Search the material below for the string "photo" and copy each line where it appears.
= Beginning of Section =
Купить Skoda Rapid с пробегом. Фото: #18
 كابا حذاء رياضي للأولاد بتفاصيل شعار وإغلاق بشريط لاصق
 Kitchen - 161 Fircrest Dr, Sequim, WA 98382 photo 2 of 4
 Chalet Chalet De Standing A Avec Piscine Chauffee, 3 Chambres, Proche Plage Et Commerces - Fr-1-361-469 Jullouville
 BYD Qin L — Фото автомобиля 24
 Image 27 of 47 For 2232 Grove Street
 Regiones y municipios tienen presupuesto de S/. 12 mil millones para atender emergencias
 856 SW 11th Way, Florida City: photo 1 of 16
= End of Section =
## Response to this exercise
 Kitchen - 161 Fircrest Dr, Sequim, WA 98382 photo 2 of 4
 856 SW 11th Way, Florida City: photo 1 of 16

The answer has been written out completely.